> **Dataset extract**:
§
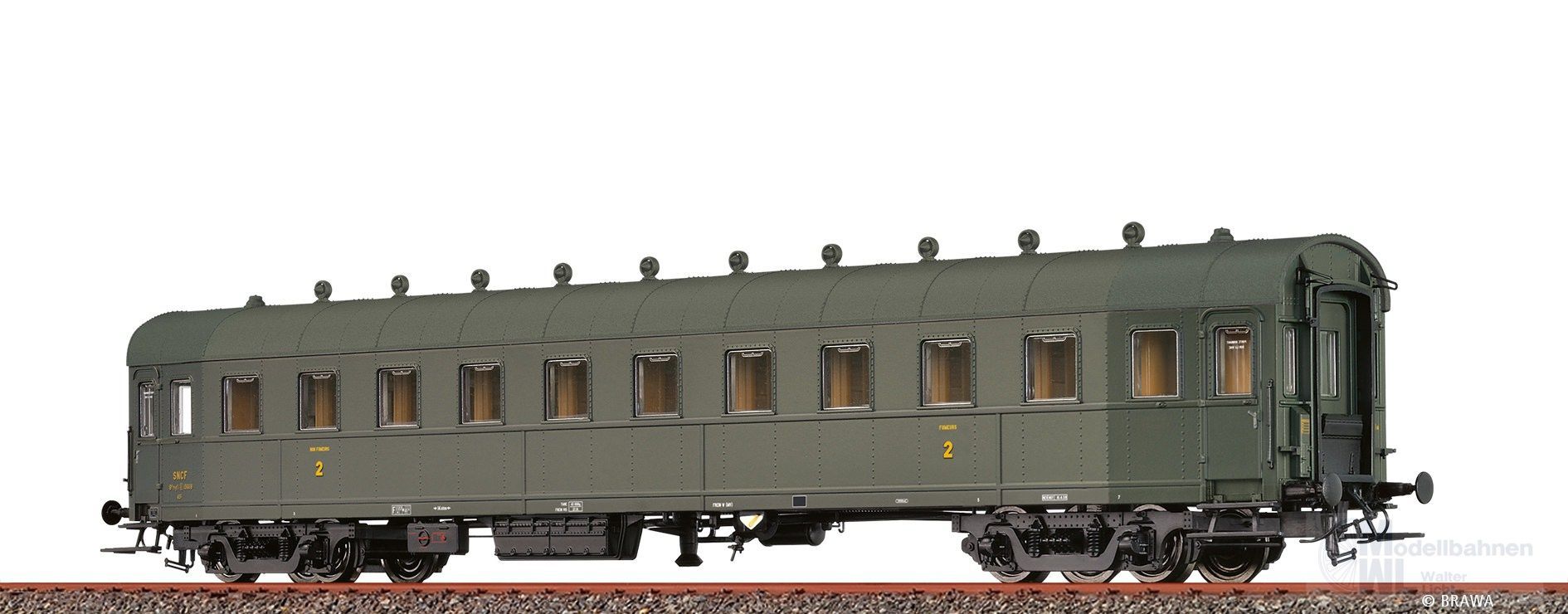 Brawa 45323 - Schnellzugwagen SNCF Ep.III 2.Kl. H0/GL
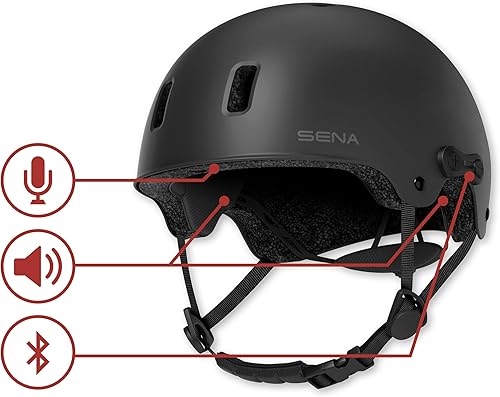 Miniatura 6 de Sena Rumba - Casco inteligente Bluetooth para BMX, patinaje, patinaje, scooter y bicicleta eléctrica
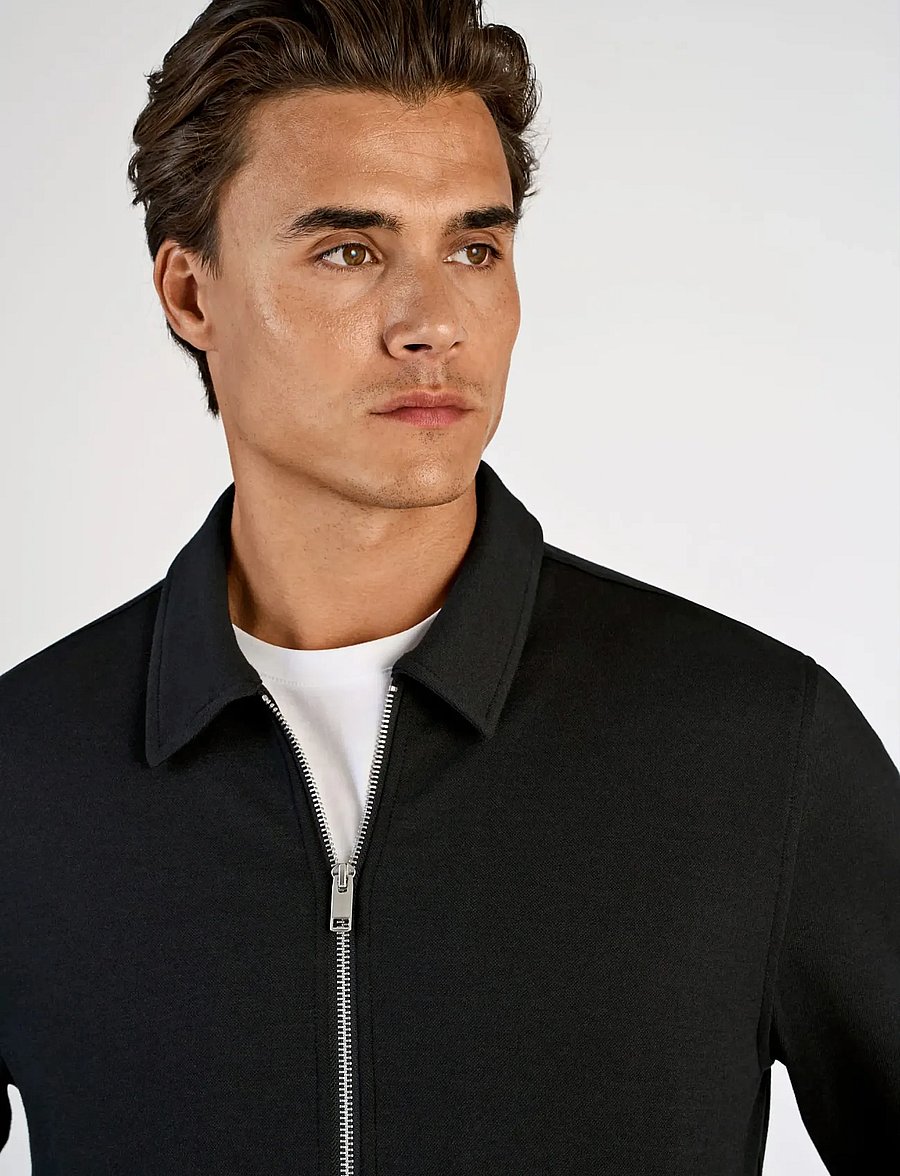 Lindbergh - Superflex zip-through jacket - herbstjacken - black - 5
§
> **What needs to be done**:
Pictures excluded, quote all the data above exactly.

> **Task response**:
 Brawa 45323 - Schnellzugwagen SNCF Ep.III 2.Kl. H0/GL
 Miniatura 6 de Sena Rumba - Casco inteligente Bluetooth para BMX, patinaje, patinaje, scooter y bicicleta eléctrica
 Lindbergh - Superflex zip-through jacket - herbstjacken - black - 5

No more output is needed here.